- Logo
- Developer: ChangYou.com
- Publisher: Sohu
- Platform: Microsoft Windows
- Release: 2007
- Genre: MMORPG
- Mode: Multiplayer online

= Dragon Oath =

2007 video game

Dragon Oath, also known as Tian Long Ba Bu in China, is a free-to-play massively multiplayer online role-playing game developed and published by Changyou.com and Sohu and launched in May 2007. The game's story is based on the novel Demi-Gods and Semi-Devils by Louis Cha. Since its initial launch in China, ChangYou.com has taken steps to sell Dragon Oath on an international stage. The game now (2012) has servers in Europe, Malaysia, Vietnam and the United States. Much like the servers in Europe, the servers in America are scheduled to close on July 25, 2016.

==Gameplay==
Dragon Oath is a 2.5D martial arts-style fighting and community-building game designed to give players the freedom to "choose their own destiny" and play the game in any way they decide.

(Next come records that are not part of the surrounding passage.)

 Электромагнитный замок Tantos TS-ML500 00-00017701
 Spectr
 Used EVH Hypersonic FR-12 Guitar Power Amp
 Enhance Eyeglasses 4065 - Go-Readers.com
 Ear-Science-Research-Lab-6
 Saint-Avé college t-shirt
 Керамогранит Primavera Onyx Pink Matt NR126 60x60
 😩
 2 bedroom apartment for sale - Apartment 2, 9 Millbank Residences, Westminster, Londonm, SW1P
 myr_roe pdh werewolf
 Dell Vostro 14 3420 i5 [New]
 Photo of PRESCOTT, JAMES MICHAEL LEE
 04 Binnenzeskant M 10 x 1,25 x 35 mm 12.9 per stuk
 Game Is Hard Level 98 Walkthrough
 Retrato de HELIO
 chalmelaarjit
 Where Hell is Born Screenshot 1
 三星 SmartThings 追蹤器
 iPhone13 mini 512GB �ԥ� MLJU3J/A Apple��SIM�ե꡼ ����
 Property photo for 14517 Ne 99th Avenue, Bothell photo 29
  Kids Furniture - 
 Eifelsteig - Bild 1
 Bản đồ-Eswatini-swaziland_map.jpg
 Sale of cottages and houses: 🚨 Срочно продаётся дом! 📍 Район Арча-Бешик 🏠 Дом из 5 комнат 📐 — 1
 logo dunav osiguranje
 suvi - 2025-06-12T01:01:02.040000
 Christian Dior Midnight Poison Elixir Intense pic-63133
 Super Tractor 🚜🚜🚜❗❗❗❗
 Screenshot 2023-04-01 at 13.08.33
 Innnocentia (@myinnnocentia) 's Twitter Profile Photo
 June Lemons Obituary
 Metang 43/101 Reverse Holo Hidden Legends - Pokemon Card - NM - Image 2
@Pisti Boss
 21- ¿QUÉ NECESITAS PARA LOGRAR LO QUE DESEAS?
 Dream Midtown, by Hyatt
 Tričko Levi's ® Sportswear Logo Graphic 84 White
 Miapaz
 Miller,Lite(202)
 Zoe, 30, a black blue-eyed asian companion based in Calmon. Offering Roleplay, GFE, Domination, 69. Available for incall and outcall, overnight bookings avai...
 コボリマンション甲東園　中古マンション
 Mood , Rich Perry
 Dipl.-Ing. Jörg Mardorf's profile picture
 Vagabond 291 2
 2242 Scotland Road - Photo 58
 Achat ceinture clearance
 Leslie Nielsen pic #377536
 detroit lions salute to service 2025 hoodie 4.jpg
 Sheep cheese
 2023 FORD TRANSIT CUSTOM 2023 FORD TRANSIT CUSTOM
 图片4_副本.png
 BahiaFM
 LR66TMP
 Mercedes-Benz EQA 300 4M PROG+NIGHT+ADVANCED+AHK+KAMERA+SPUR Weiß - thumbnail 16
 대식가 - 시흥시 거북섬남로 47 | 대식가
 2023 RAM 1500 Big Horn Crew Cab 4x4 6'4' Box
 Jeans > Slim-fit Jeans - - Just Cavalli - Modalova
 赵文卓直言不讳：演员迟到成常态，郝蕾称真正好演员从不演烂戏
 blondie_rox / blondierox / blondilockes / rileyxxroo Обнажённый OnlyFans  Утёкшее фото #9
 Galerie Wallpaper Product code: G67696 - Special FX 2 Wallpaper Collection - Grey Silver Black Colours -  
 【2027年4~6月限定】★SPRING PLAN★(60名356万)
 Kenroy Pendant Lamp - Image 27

The game features 9 playable classes based on Ancient Kung-fu disciplines.

==Game setting==
Dragon Oath is set in a world based heavily on Buddhist cosmology and the concept of the Eight Races of non-human entities. At the heart of the story are three heroes: Qiao Feng, Duan Yu and Xuzhu. Each has his own unique and important role to play, and is instrumental in shaping the game world players find themselves in when they spawn into the Kingdom of Dali for the very first time.

==Accolades==
Dragon Oath has been awarded the Most-liked Online Game by Game Players by ChinaJoy for five consecutive years from 2006 to 2010 and was ranked amongst the World's Top Five Most Profitable Game Franchises in 2009 by Forbes. It was also ranked by the International Data Corporation as the third most popular game in China.

==Further developments==
As part of its continuous efforts to spread its flagship brand worldwide, ChangYou.com announced in 2011 that it will release a new, fully localised version of Dragon Oath, designed specifically for the Turkish market.